Exercise material: Begin

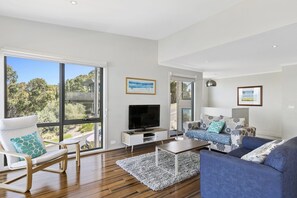 A modern living room with a large window, a flat-screen TV, a sofa, a coffee table, and a chair. - Bluview - Metres From The Beach, Views Included (Lorne)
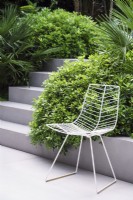 White metal garden chair on paved area next to steps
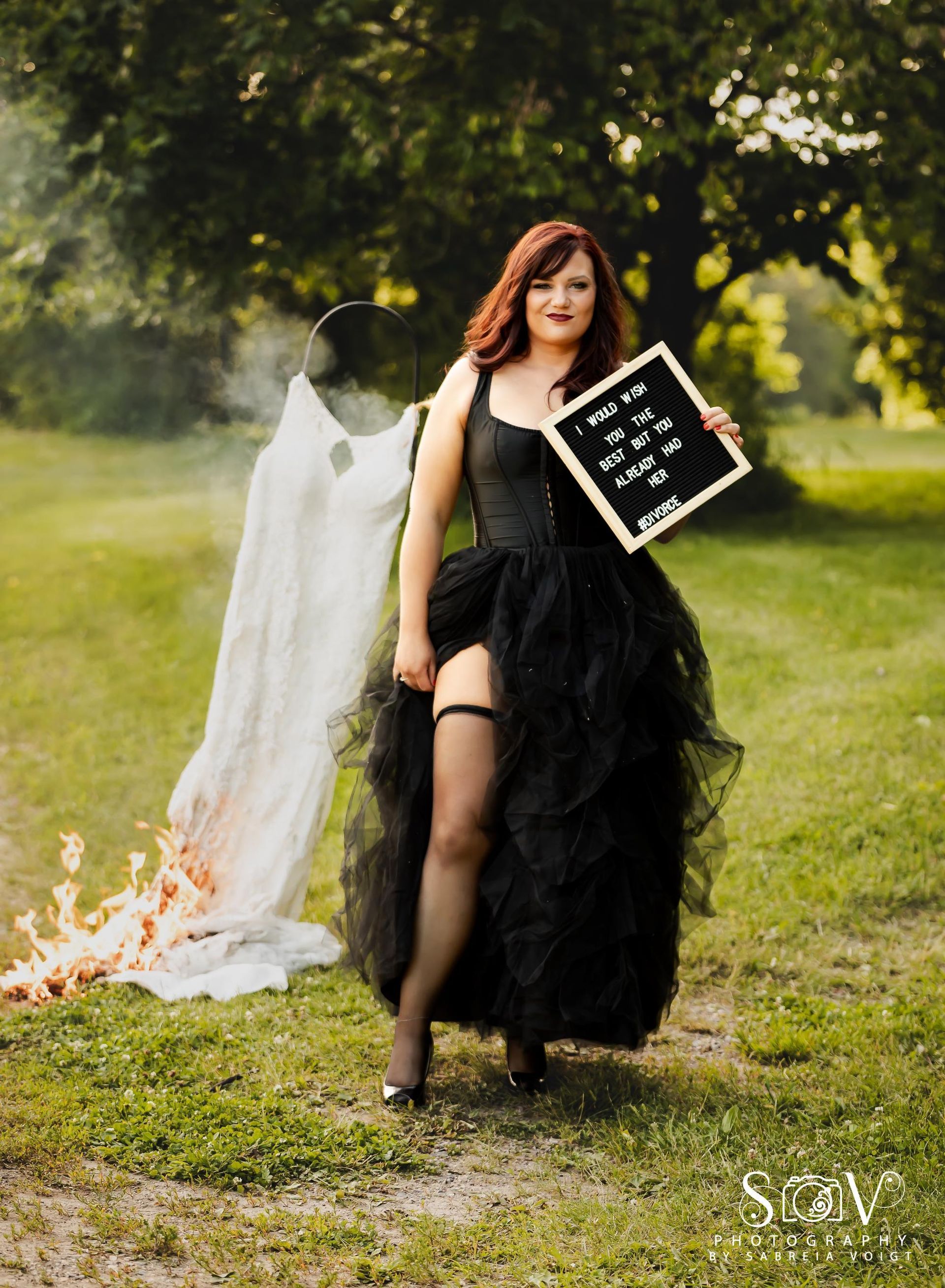 Woman in black dress and garter, holding sign. White cloth and fire, with a tree in the background.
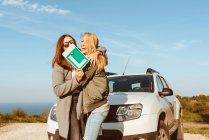 Cheerful young girlfriends with Low gear sign standing at white car on shore of sea and embracing having trip — Stock Photo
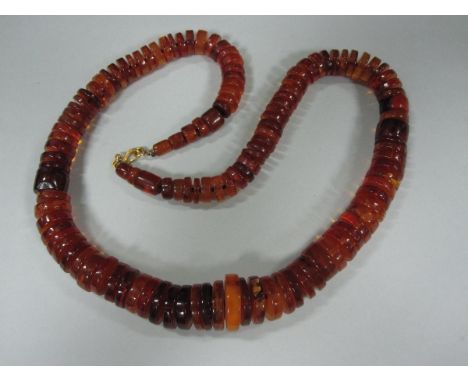 An amber bead necklace, composed of graduated discs of varying thickness, colour and opacity, many with inclusions, S-hook an
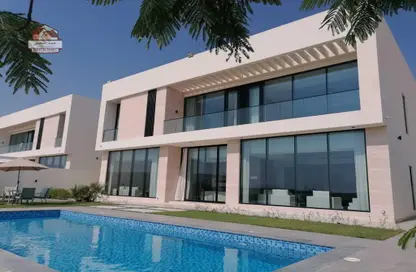 Pool image for: Villa - 5 Bedrooms - 7 Bathrooms for rent in Golf Community - Al Zorah - Ajman, Image 1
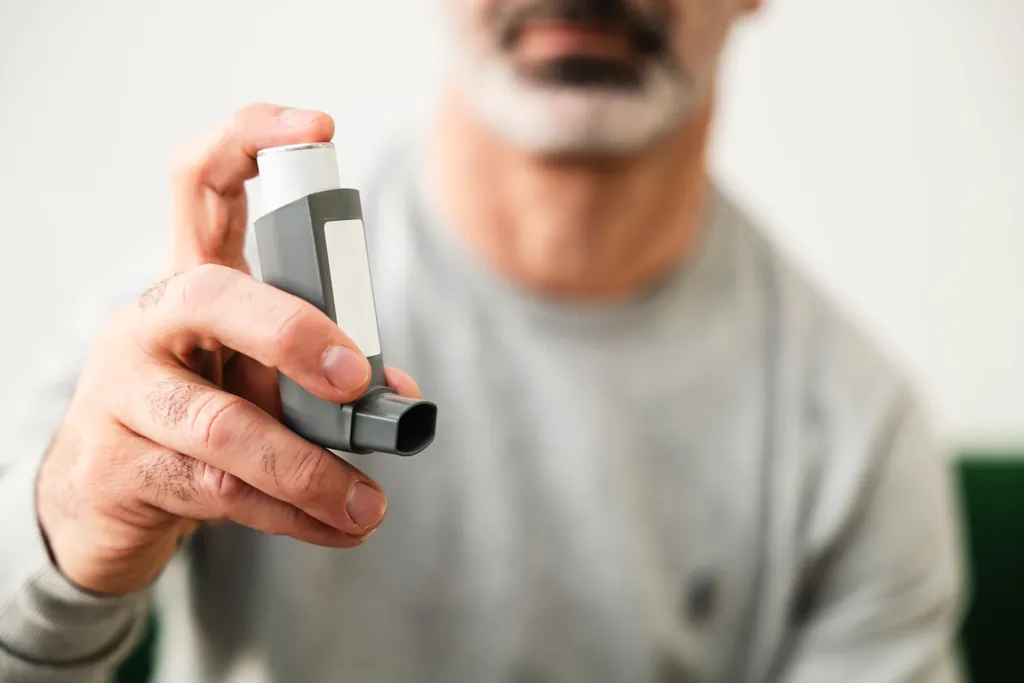 Man holding an inhaler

Exercise material: End

What the exercise asks: Up to and including the line containing "Woman in black", quote each line of the entries above from the very first, please, exactly and without images.

Written answer:
 A modern living room with a large window, a flat-screen TV, a sofa, a coffee table, and a chair. - Bluview - Metres From The Beach, Views Included (Lorne)
 White metal garden chair on paved area next to steps
 Woman in black dress and garter, holding sign. White cloth and fire, with a tree in the background.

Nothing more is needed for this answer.